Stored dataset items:
------------------------
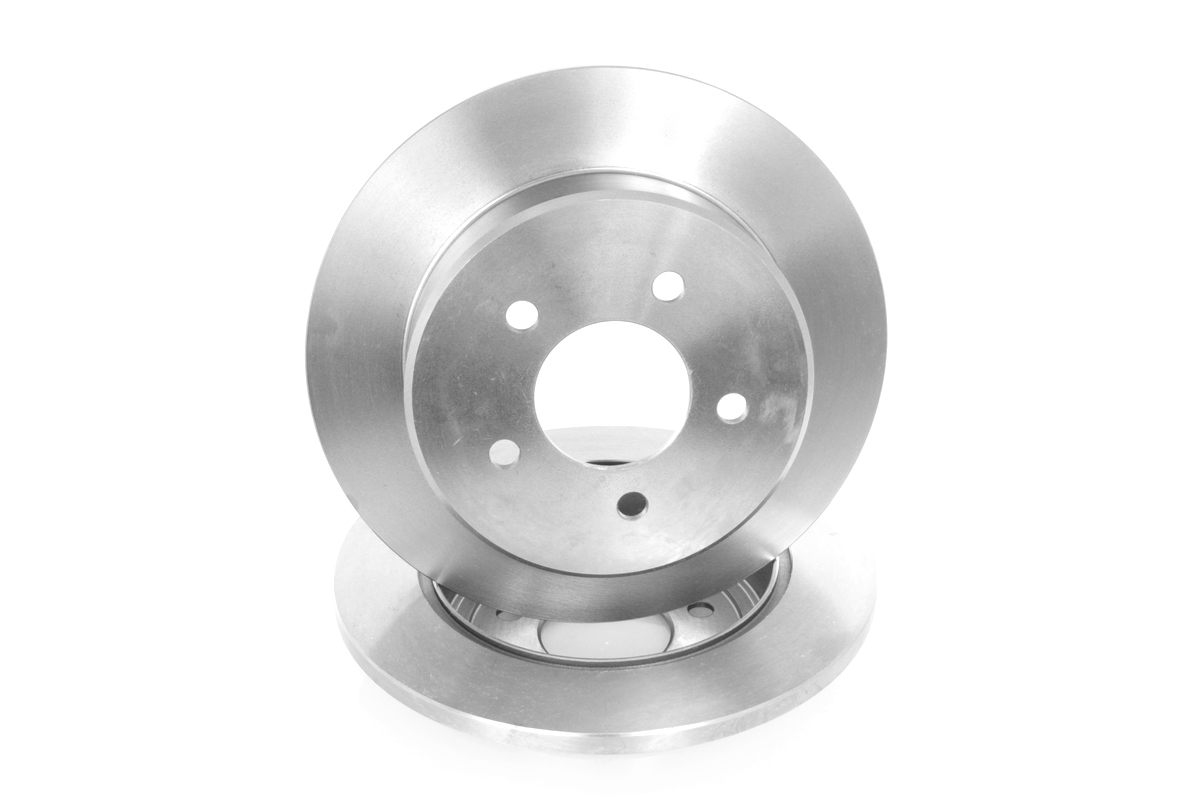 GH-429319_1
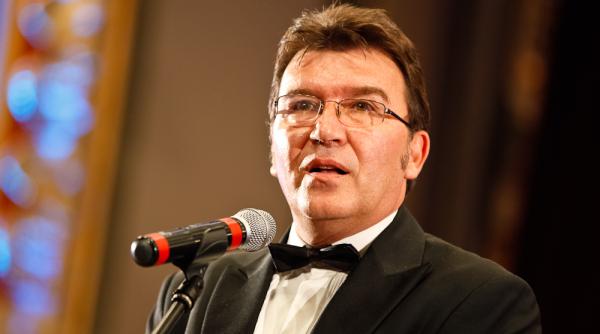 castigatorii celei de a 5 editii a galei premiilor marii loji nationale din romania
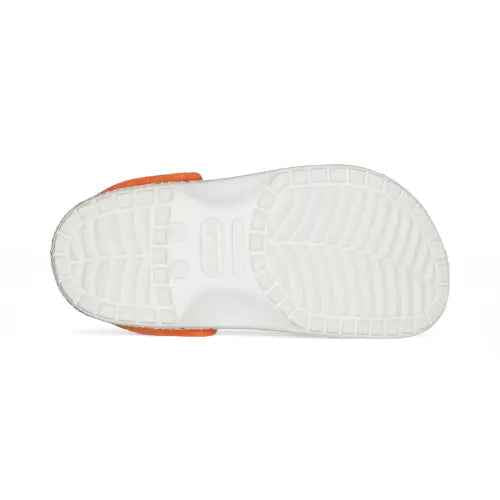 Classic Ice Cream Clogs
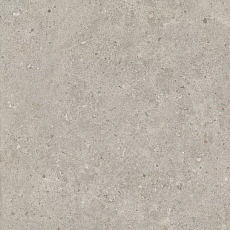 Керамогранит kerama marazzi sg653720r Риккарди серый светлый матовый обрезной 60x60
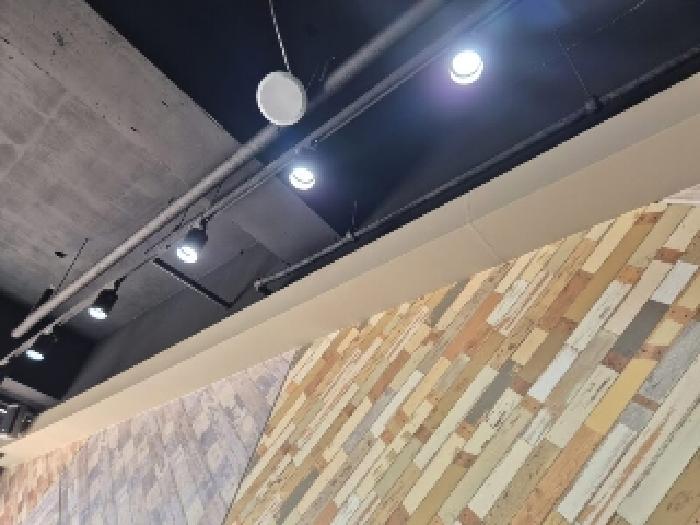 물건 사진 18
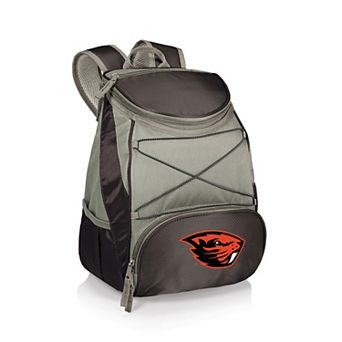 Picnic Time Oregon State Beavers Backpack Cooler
------------------------
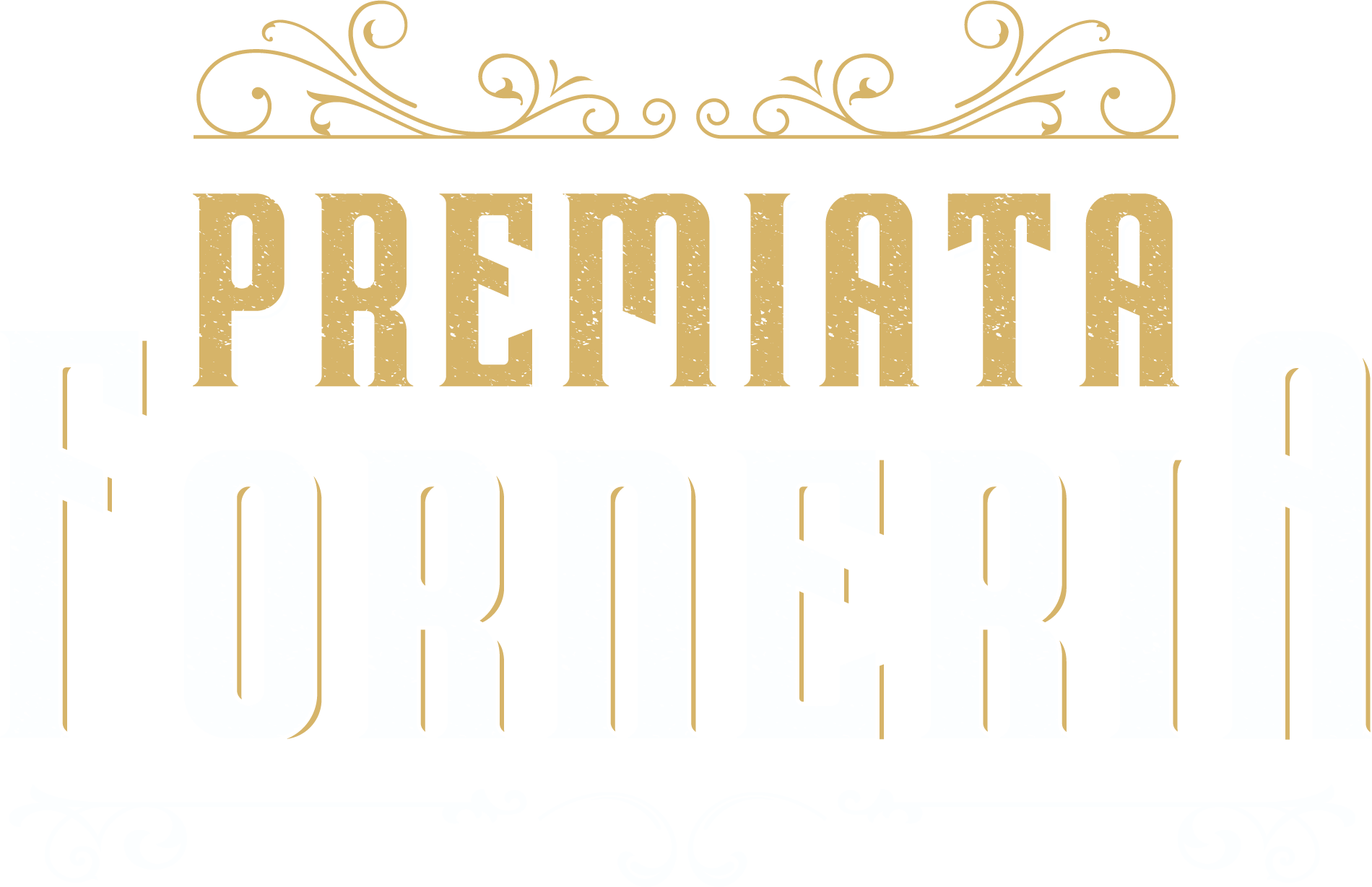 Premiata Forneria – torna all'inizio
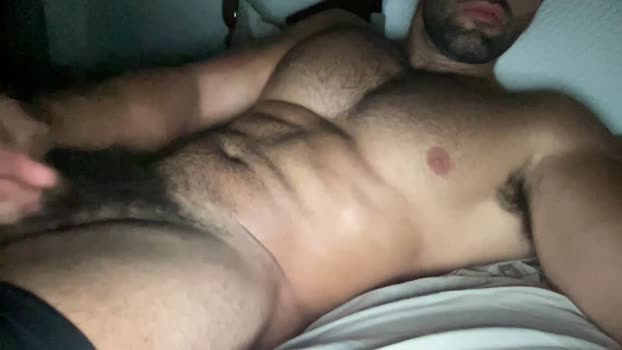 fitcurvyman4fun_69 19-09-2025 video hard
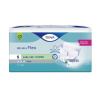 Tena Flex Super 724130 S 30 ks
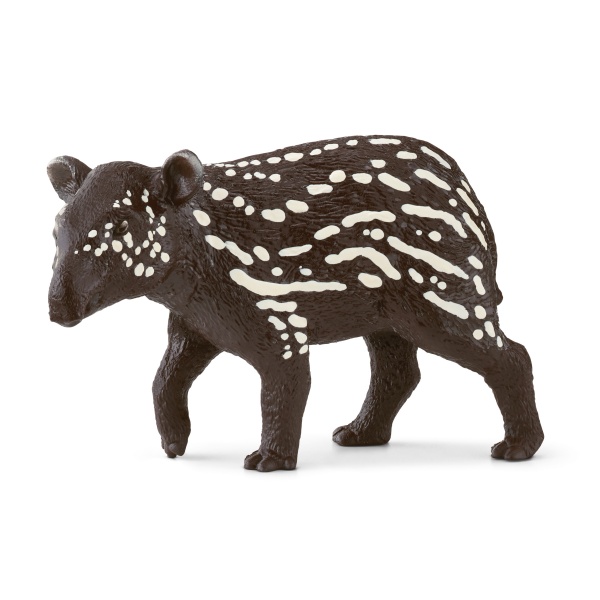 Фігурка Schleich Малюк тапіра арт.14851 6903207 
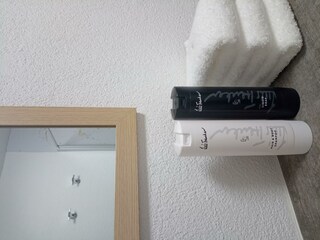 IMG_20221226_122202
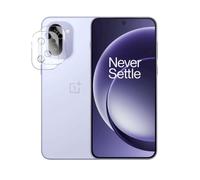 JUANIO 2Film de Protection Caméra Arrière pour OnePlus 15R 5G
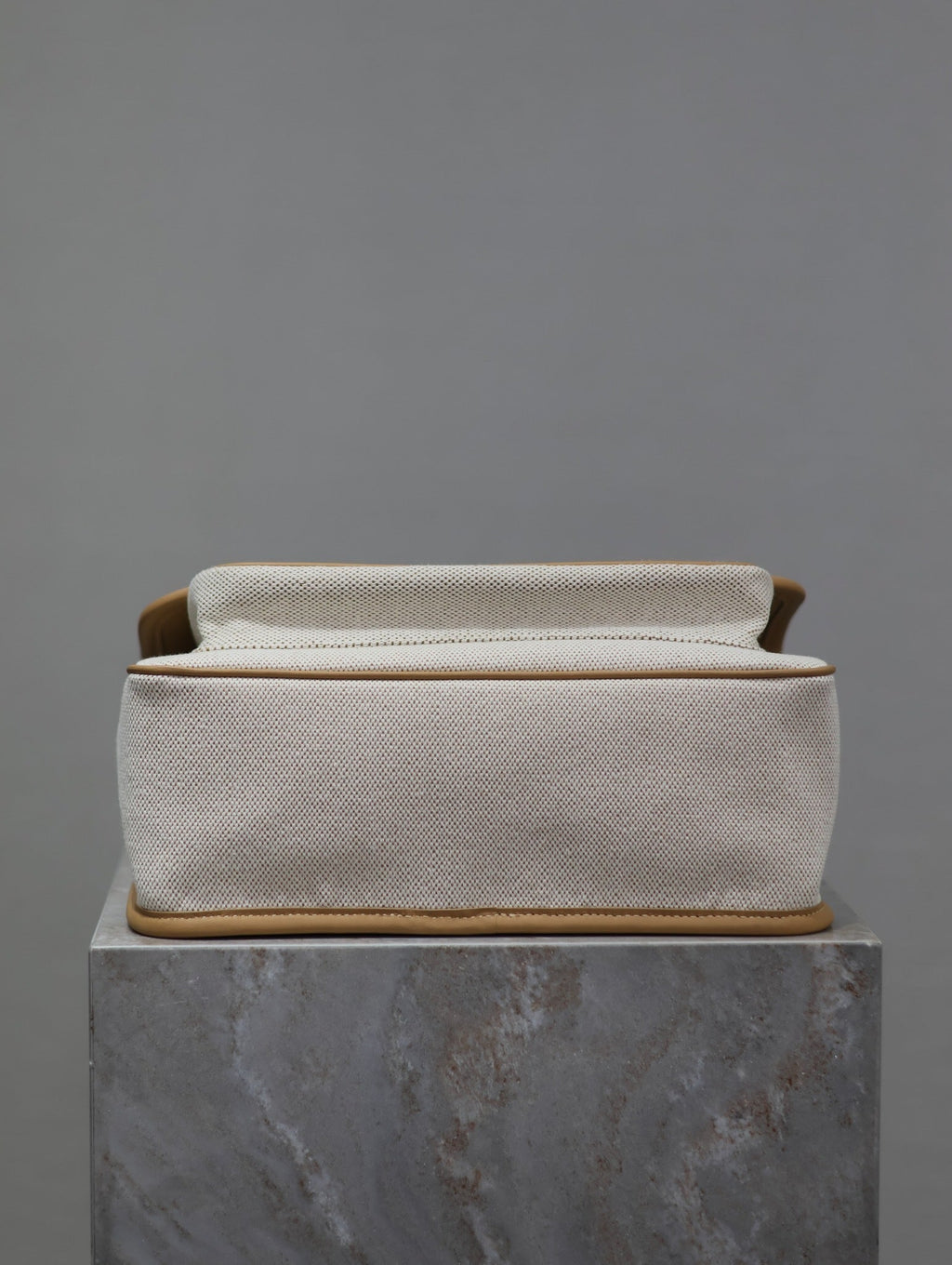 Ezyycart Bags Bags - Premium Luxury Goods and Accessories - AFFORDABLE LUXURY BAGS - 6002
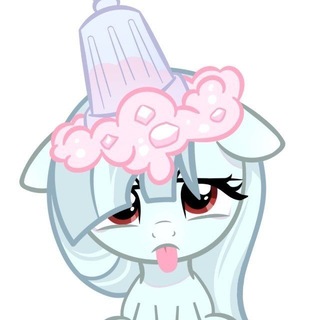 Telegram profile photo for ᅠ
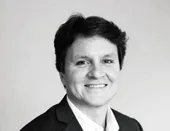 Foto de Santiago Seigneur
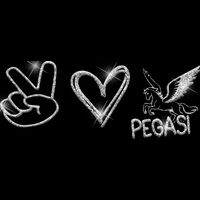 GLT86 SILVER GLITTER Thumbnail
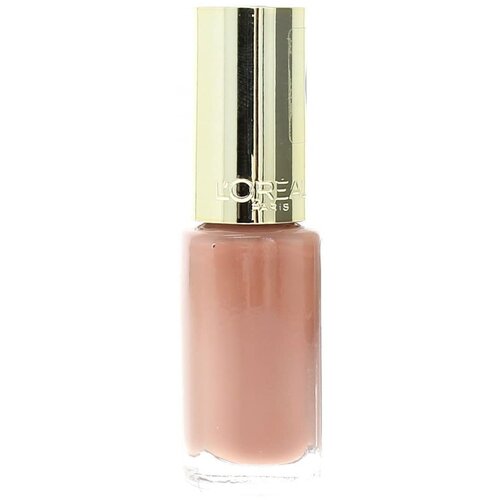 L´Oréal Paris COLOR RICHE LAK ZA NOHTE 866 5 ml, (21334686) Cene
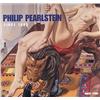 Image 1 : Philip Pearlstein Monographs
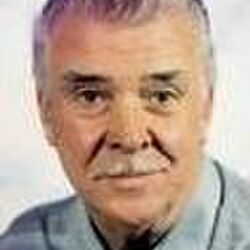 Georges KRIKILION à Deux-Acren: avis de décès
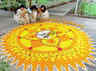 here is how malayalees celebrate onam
------------------------
*Assignment*
Using the data above, output the line that has "Керамогранит kerama marazzi", the line that has "Picnic Time Oregon", and whatever lines fall between, each exactly as it stands and without pictures.

*Your response*
 Керамогранит kerama marazzi sg653720r Риккарди серый светлый матовый обрезной 60x60
 물건 사진 18
 Picnic Time Oregon State Beavers Backpack Cooler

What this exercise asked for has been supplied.